■ TASK DESCRIPTION
A line-by-line copy of the material below is required.

■ DATASET SECTION
○ ○ ○ ○ ○ ○ ○

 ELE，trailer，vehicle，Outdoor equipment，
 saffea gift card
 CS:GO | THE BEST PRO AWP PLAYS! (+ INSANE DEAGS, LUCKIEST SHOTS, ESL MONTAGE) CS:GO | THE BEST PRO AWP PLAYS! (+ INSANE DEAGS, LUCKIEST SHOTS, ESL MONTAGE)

○ ○ ○ ○ ○ ○ ○

■ REPLY
 ELE，trailer，vehicle，Outdoor equipment，
 saffea gift card
 CS:GO | THE BEST PRO AWP PLAYS! (+ INSANE DEAGS, LUCKIEST SHOTS, ESL MONTAGE) CS:GO | THE BEST PRO AWP PLAYS! (+ INSANE DEAGS, LUCKIEST SHOTS, ESL MONTAGE)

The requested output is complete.